We’re neither lawyers nor software freedom fighters (though I am getting tired of all this software patent nonsense). The motivation for our royalty-free license was partly to prevent potential paying customers from running LingPipe on proprietary data, while keeping the system as “open” as possible, especially for research and teaching purposes. Our business model was thus something like MySQL’s business model. Here’s a nice survey of open-source business models — we’re a mix of 3, 4, and 5, plus 1 if you count DARPA/NIH grants as donations/subsidies.
Check out Bruce Perens‘s quite sensible review of the plethora of OS licenses: How Many Open Source Licenses Do You Need? (Spoiler: Perens, who wrote the original version of OSI’s Open Source Definition now thinks 4 are sufficient; I suppose you can’t blame a computer scientist for generalizing!).

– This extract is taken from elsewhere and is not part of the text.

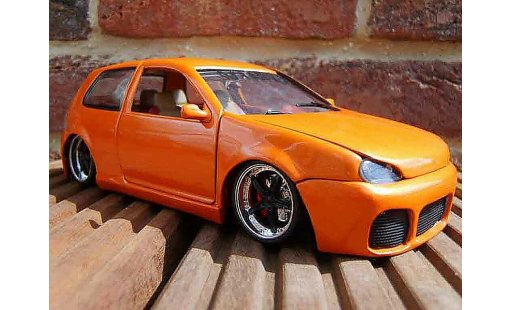 Volkswagen Golf GTI 1/18 Revell virus coche miniatura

We’re wondering what the ramifications of a switch to AGPLv3 would be. On the upside, we will potentially attract more users and perhaps even developers by having a license that plays nicely with others (specifically GPL and Apache/BSD). We also think it may be more attractive to funding agencies, like NIH. On the downside, we’re worried it may adversely affect our ability to sell our software, or perhaps even the business as a whole.
Are we crazy, or should we have done this ages ago?